■ Aim of the exercise ■
Give the entries below again, word for word, and leave out the images.

■ Extracted information ■

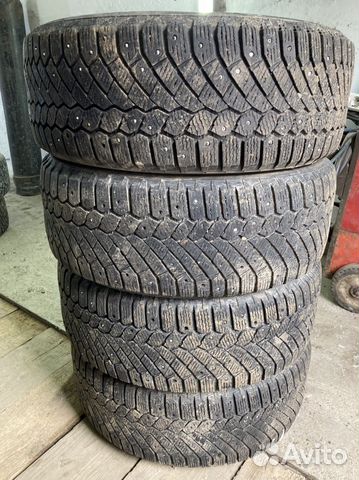 Continental Conti4x4IceContact 215/55 R17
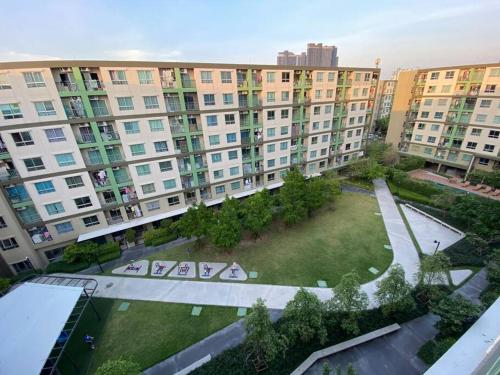 Garden Oasis Apartment: Condo Near Bangkok River near Zab Na Sanambinnam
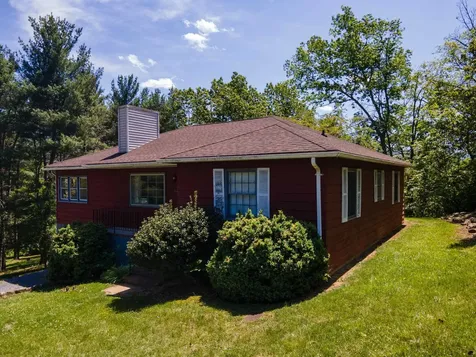 117 Grove Avenue Edinburg VA 22824
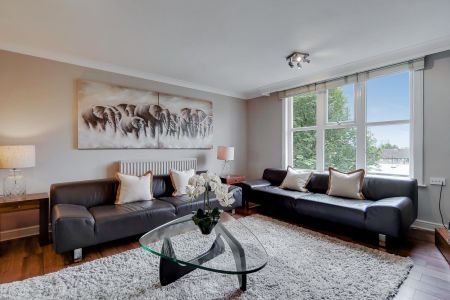 Boydell Court, St. Johns Wood Park, St. John's Wood, London NW8 - Photo 2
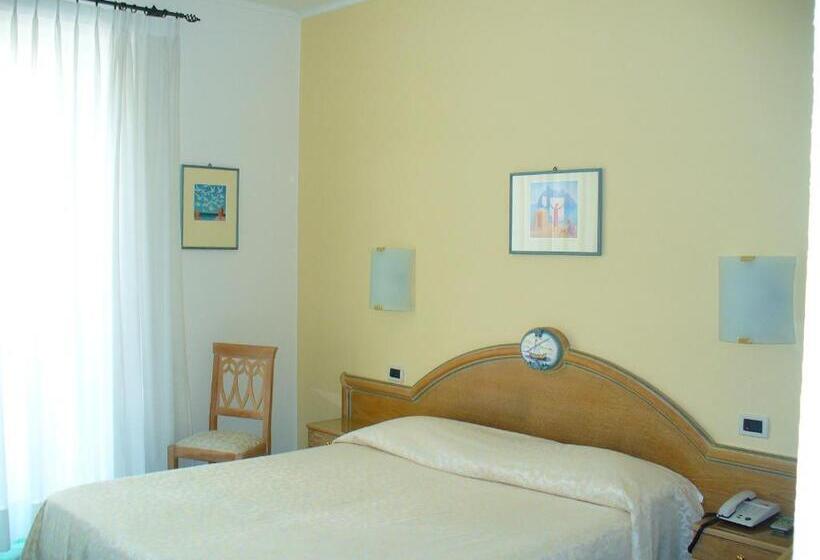 Quarto Comfort, La Marticana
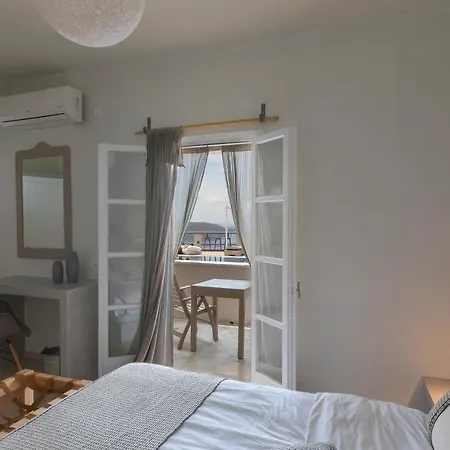 Grand View - Megalochori Santorini Aparthotel 3*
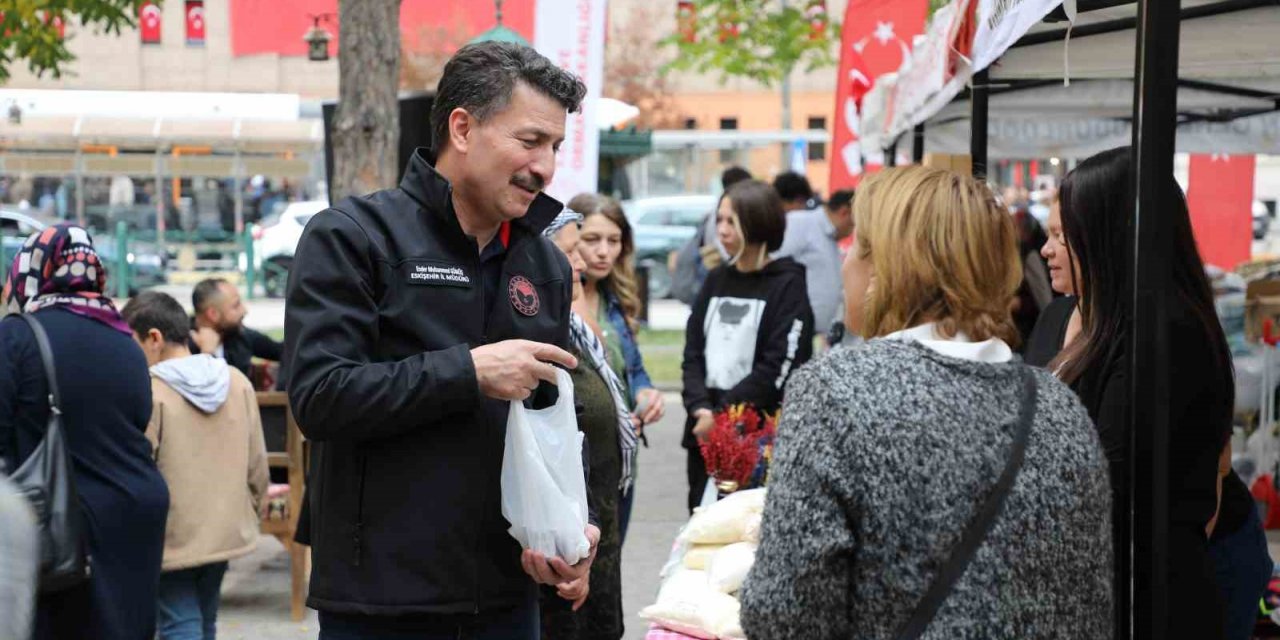 Eskişehir’de kadın çiftçiler ürünlerini sergiledi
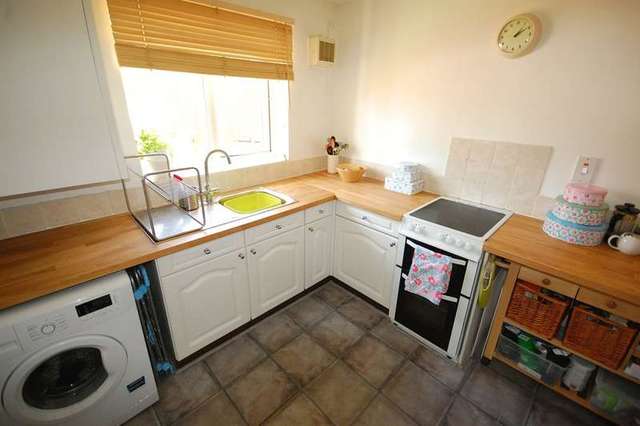  Image of 1 bedroom Flat to rent in Farnham Close Durham DH1 at Newton Hall Durham County Durham, DH1 5FL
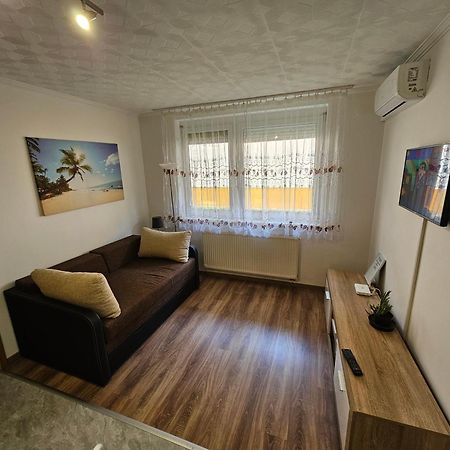 Fischer Apartman 2 Hajdúszoboszló Exteriör bild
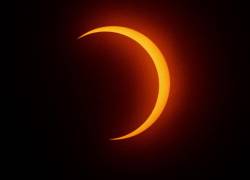 La luna cruza frente al sol durante el eclipse solar anular en Penonomé, Panamá, el 14 de octubre de 2023.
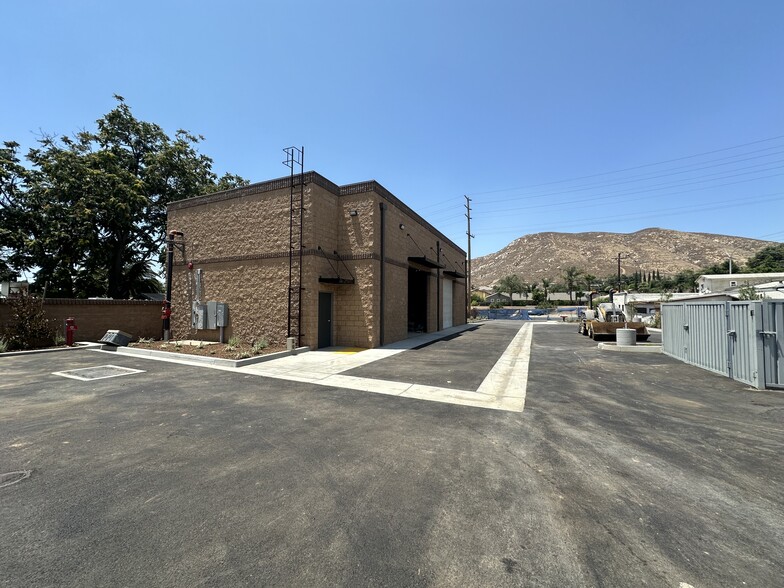 Primary Photo Of 12277 La Cadena Dr, Colton Warehouse For Lease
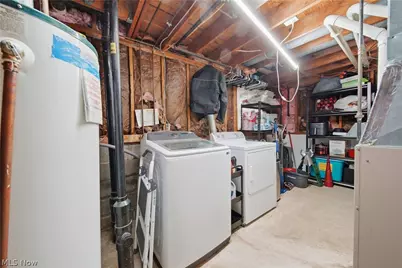 8008 Garnet Avenue NE, Canton, OH 44721 - Photo 27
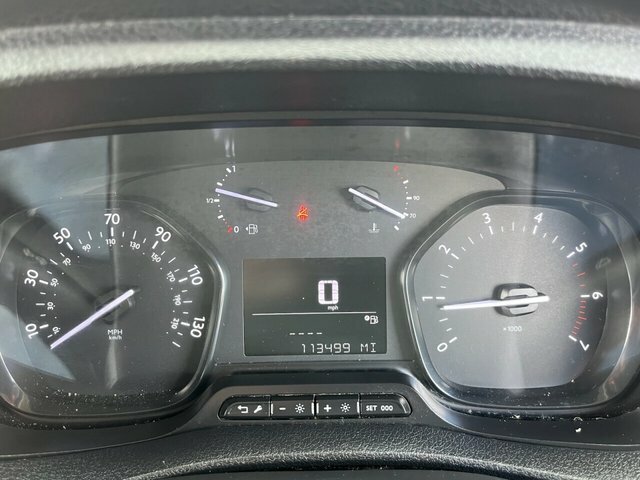 Vauxhall Vivaro Hrefused-vauxhall-vivaro-braintree-essex-629518 White #13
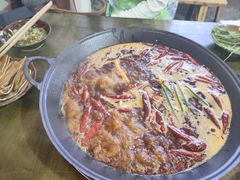 -黄潇洒老火锅(九眼桥宏济巷店)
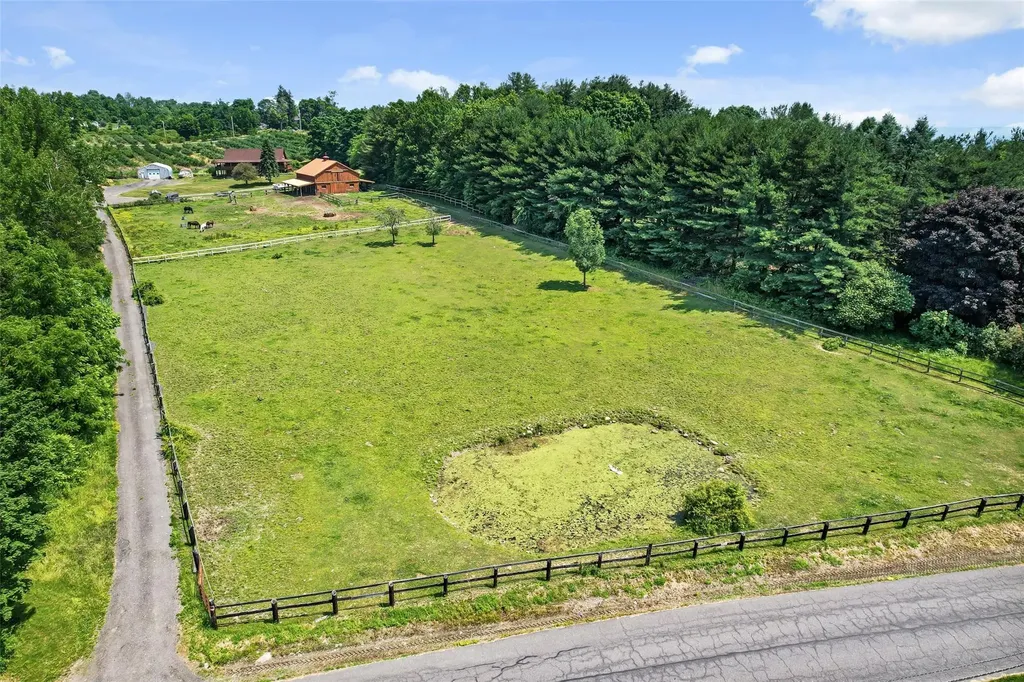 21 Clarks Lane Milton NY 12547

■ Written solution ■
 Continental Conti4x4IceContact 215/55 R17
 Garden Oasis Apartment: Condo Near Bangkok River near Zab Na Sanambinnam
 117 Grove Avenue Edinburg VA 22824
 Boydell Court, St. Johns Wood Park, St. John's Wood, London NW8 - Photo 2
 Quarto Comfort, La Marticana
 Grand View - Megalochori Santorini Aparthotel 3*
 Eskişehir’de kadın çiftçiler ürünlerini sergiledi
  Image of 1 bedroom Flat to rent in Farnham Close Durham DH1 at Newton Hall Durham County Durham, DH1 5FL
 Fischer Apartman 2 Hajdúszoboszló Exteriör bild
 La luna cruza frente al sol durante el eclipse solar anular en Penonomé, Panamá, el 14 de octubre de 2023.
 Primary Photo Of 12277 La Cadena Dr, Colton Warehouse For Lease
 8008 Garnet Avenue NE, Canton, OH 44721 - Photo 27
 Vauxhall Vivaro Hrefused-vauxhall-vivaro-braintree-essex-629518 White #13
 -黄潇洒老火锅(九眼桥宏济巷店)
 21 Clarks Lane Milton NY 12547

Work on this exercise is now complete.